Une enfant de 12 ans profite comme si elle n’en avait pas le droit du piano mis à disposition pour égayer la gare. Elle enchaîne quelques notes timides un peu au hasard sur le clavier. Renonce au bout de quelques minutes (on comprend sa frustration).
Puis un virtuose de gare vient enchaîner des accords pas forcément structurés, façon Keith Jarrett qui aurait pris de la coke. Elle est assise à côté, sagement. Elle regarde.
Une personne assise au loin. Je me réjouis de ses mèches vert pomme.
Ah non, c’est une feuille de la verdure qu’un poteau me cachait.
Un type demande un ou deux sous à une personne près de moi. Je suis dans une zone de chaises longues, postures bourgeoises à l’entour. Il évite le coin — l’expérience je suppose — et va quémander plus loin à une terrasse de café photocopiée comme on trouve dans toutes les gares.

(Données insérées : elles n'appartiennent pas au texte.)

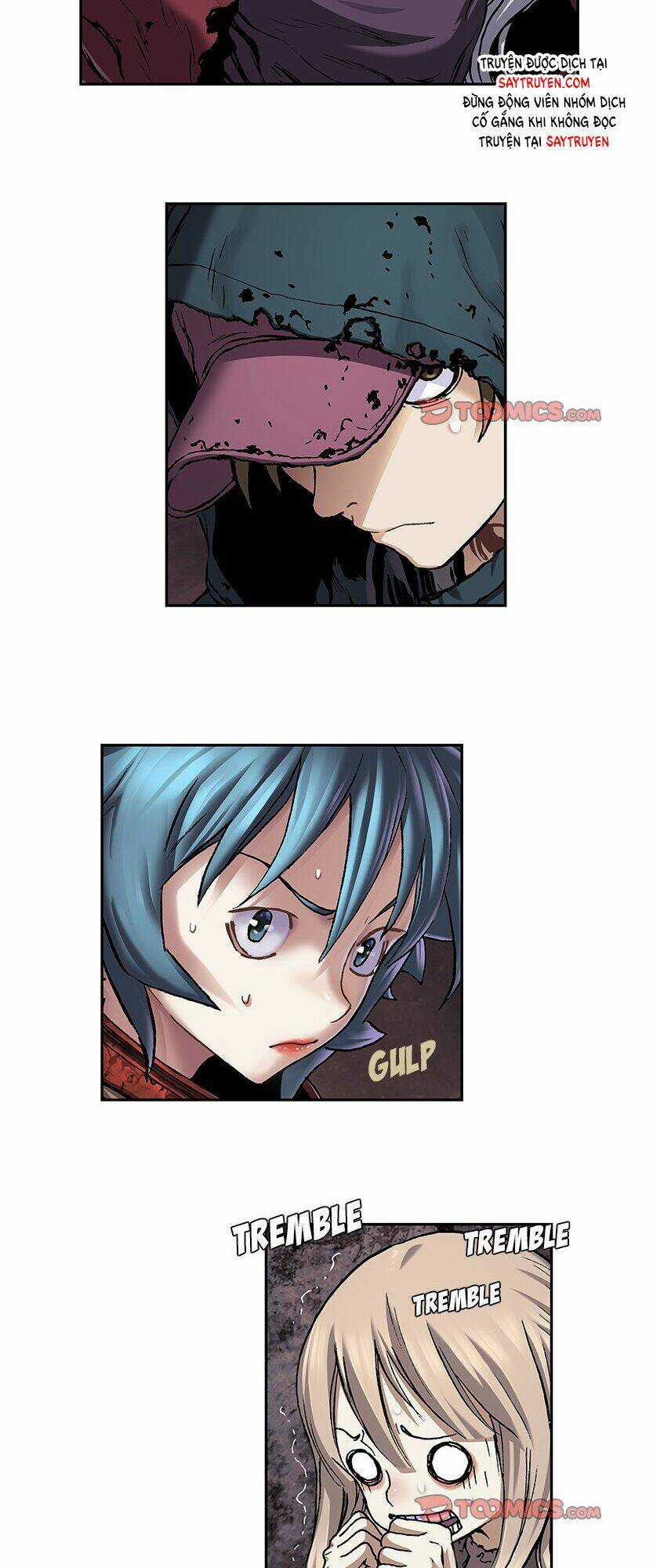 Đứa Con Thần Chết - Chapter 106 - Trang 11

Il gesticule, debout à une table de voyageurs. De loin on croirait qu’il s’énerve, voire s’engueule. Après l’avoir croisé de près, je suppose qu’il leur explique son malheur.
Puis il retourne errer en parlant à qui passe à portée de voix.
Au piano est maintenant une fille au look bien sage, façon conservatoire, qui joue quelque chose de classique. Son toucher est très léger, je pense à Agnès Obel et à Sinéad O’Connor dans un morceau dont le nom ne me revient pas.
Elle cède la place à un mec avec un air de rappeur qui joue une adaptation très belle de We are the World, puis reprend sa place.
Voilà qui finit bien ce moment suspendu. Je vais prendre mon train avec un petit sourire à l’âme.